[Aim of the task] Look below for the line with "4752 Carterwood Dr, Fairfax, VA 22032 - #1". Retype it and every line after it to the end, exactly, but leave out the pictures.

[Recorded information]
════
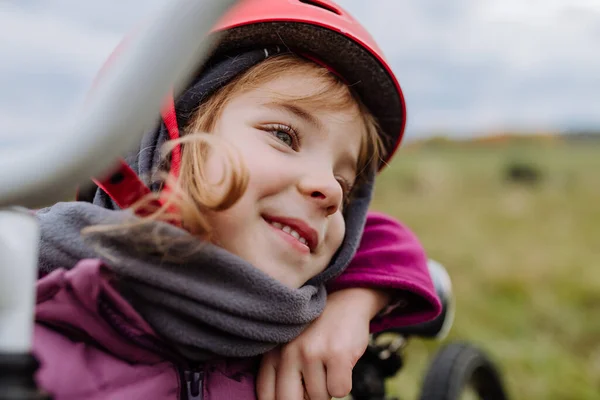 Πορτρέτο Του Ευτυχισμένου Κοριτσιού Κράνος Στο Ποδήλατο — Φωτογραφία Αρχείου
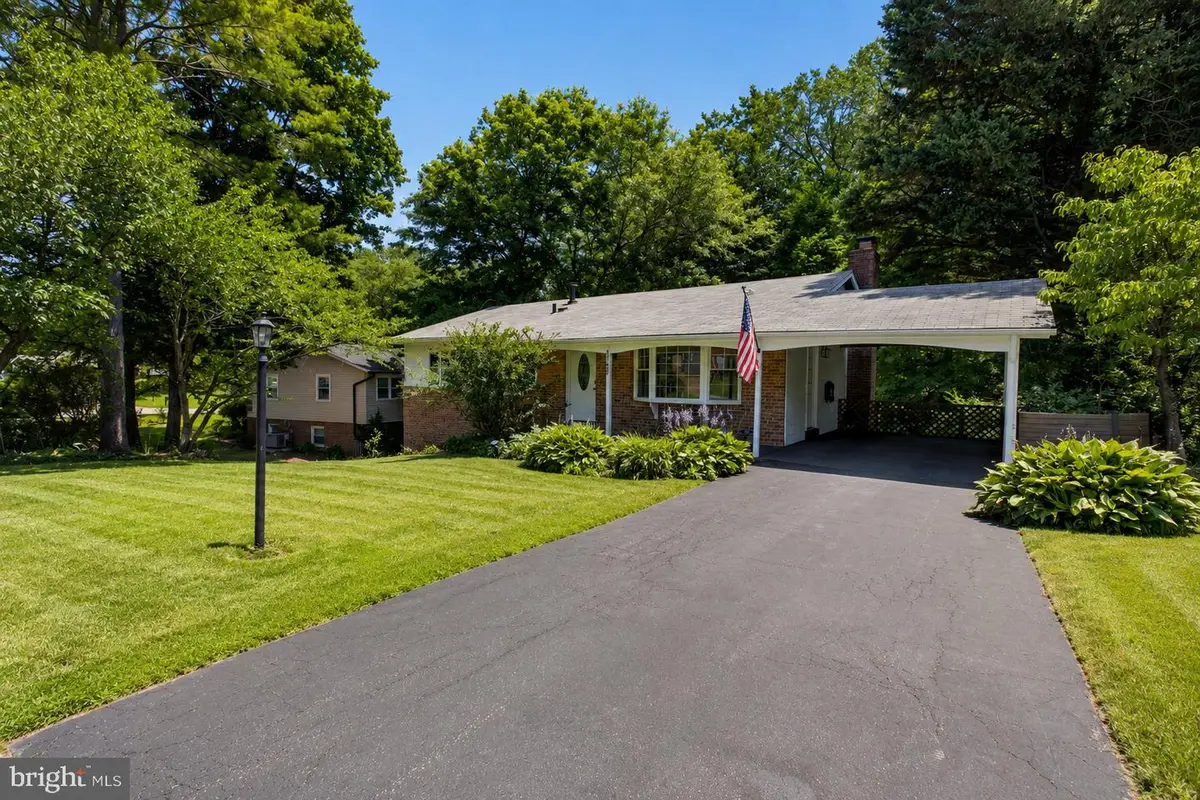 4752 Carterwood Dr, Fairfax, VA 22032 - #1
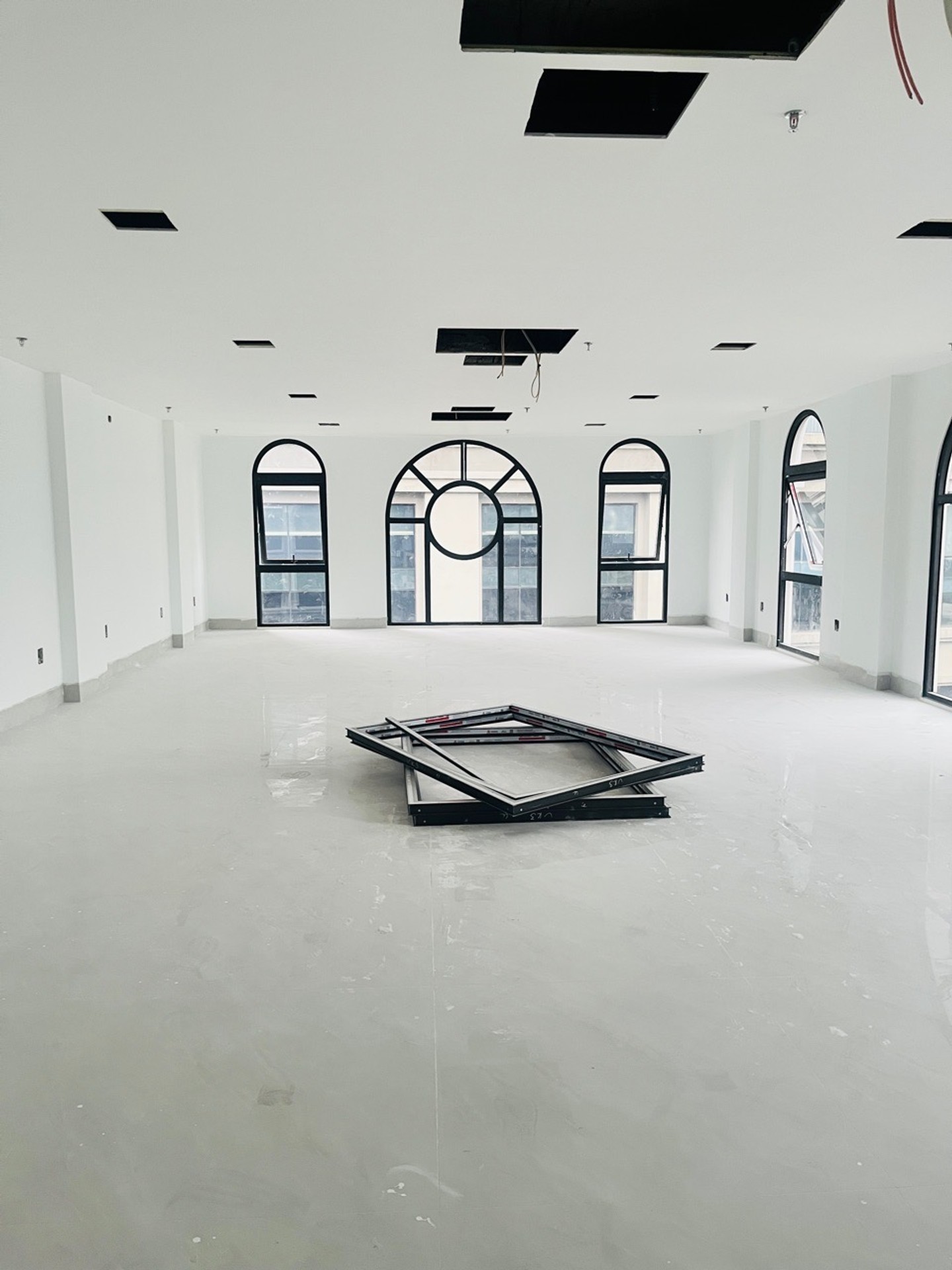 Bán nhà Cự Lộc - diện tích 147m2 9 tầng - Lô góc 3 mặt thoáng - giá 105 tỷ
════
[Exercise result]
 4752 Carterwood Dr, Fairfax, VA 22032 - #1
 Bán nhà Cự Lộc - diện tích 147m2 9 tầng - Lô góc 3 mặt thoáng - giá 105 tỷ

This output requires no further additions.